Q: In your view – what are the top 3 mistakes companies (and the military) make when trying to implement a change? What are some key differentiators you recognize in a successful change?
A: It seems many companies, and particularly the military, attempt to drive change using a top-down approach only.
They often expect leaders to be the ones to manifest these changes and play a myriad of roles (e.g., creative architect, inspirational champion, resource steward, universal problem solver, and a sheriff who holds underlings accountable for following “the new way”).
Successful change may often start at the top, but it is nurtured and sustained from the bottom up as well.
This allows companies to draw on the experience and perspectives of everyone involved to flesh out the best ideas, to understand the true problem at hand, or to share ownership and accountability for achieving effective change.
Second, when working with change you often hear, “there’s nothing new under the sun” or “we tried something like that before and it didn’t really work.”
Okay, why did it fail? Was it the idea? The process? The personalities involved? What were the interim objectives? Did you have the right resources? What were people expected to do to sustain this change? Did they know how, when, or why to do those things? Was the change addressing the right problem to begin with? What metric or milestone were you using to determine success and how would you know when you achieved it?
These are just a few questions successful change management needs to answer. Third, companies often misconstrue action for progress. Successful change is a process, not an event.

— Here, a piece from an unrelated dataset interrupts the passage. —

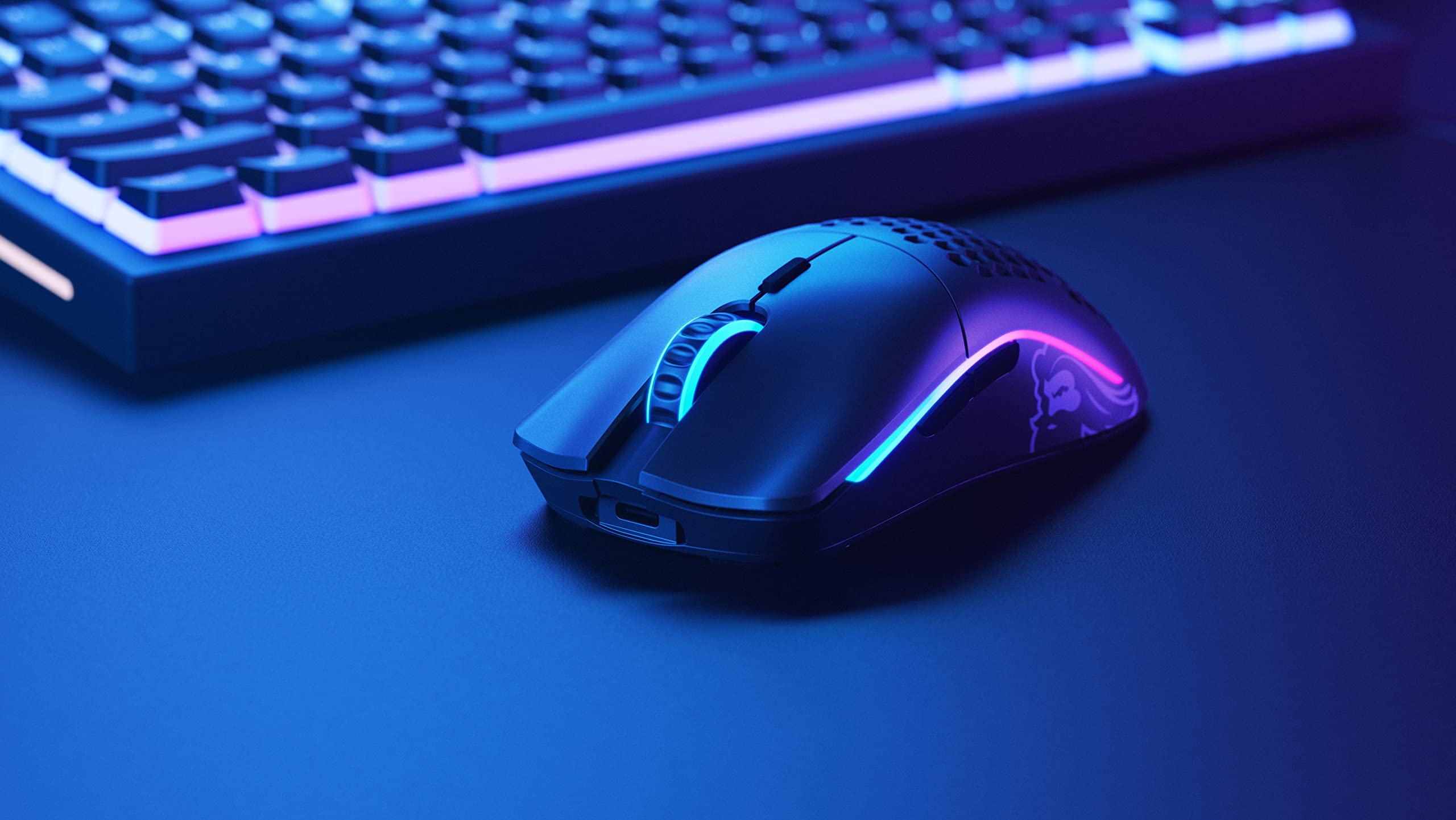 GLORIOUS Model O Wireless Gaming Mouse - Superlight, 69g Honeycomb Design, RGB, Ambidextrous, Lag Free 2.4GHz Wireless, Up to 71 Hours Battery - Matte Black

Working toward change requires a thoughtful and deliberate approach (…do not misinterpret this to mean slow and indecisive) that stresses the need for change, addresses these needs appropriately, and reinforces or reevaluates the elements that sustain the change.

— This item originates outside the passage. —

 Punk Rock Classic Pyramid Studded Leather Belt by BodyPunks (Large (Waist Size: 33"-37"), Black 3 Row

Sometimes this means failing quickly to improve the approach, but you can’t skip steps by rushing into action under the delusion that you’re making a difference in the long run.
Q: Which innovative trends do you recognize in change management and organisational psych. nowadays?
A: Contemporary insight into Org Psych has helped us recognize how bad ideas get implemented, why good ideas go unheard, or why some change efforts ultimately fail to take hold in an organization.
For example, “brainstorming” is a common and long-standing start for many organizations hoping to spark innovation and create change.
Org Psych has progressively pointed us to consider a range of factors affecting how ideas are generated and discussed among group members during these brainstorming sessions (e.g., sources of bias, leader-follower-situational dynamics, social power, individual engagement, team dynamics, mental models, and knowledge sharing).
One innovative, and relatively simple, approach is to write out ideas and share them with the group before getting into discussions. This practical, evidence-based solution attempts to overcome traditional brainstorming limitations and often sheds light on ideas that may otherwise go unheard or unsupported.
Q: Do you feel that the military responds better to change because of their strict hierarchy? Or does this hinder the change being implemented?
A: As an organizational psychologist, I reserve the right to answer: “it depends.” From a strategic standpoint, the military’s strict hierarchy and bureaucratic culture make it risk averse and slow to change foundational doctrine.
At the tactical level, however, strict hierarchy (bolstered by trust) allows military team members to understand and execute their roles in order to overcome obstacles decisively, adapt to quickly changing conditions, and find a way to make it work—or at least make the best of a bad situation.
Q: Do you feel that there is room in the military for agile change systems?
A: Yes, the military is determined to achieve success. It has to…the challenges it faces demand it. The only way to move forward is to find a path or make one; this makes change necessary and inevitable.
With the right training, personnel development, and organizational support, I believe the right agile change systems can drive that success.
Q: Let us in on some of your secrets… where do you look for innovation? For inspiration and revolutionary ideas?
A: I place great value in evidence-based approaches to organizational challenges. I try to dig into challenges that I’m dealing with by examining how researchers have attempted to understand or assess similar issues.
For this, I often look to academic journals and publications that balance rigor with application. I also find social media to be a valuable resource for sharing and discussing ideas with experienced professionals and thought leaders in areas I wouldn’t normally have access to—or think to look.
I’m also a bit of a history buff; you’d be surprised how often an innovative spark can come from studying lesser-known successes and raw failures of historical figures and civilizations. Somehow, the past lends itself to framing the future.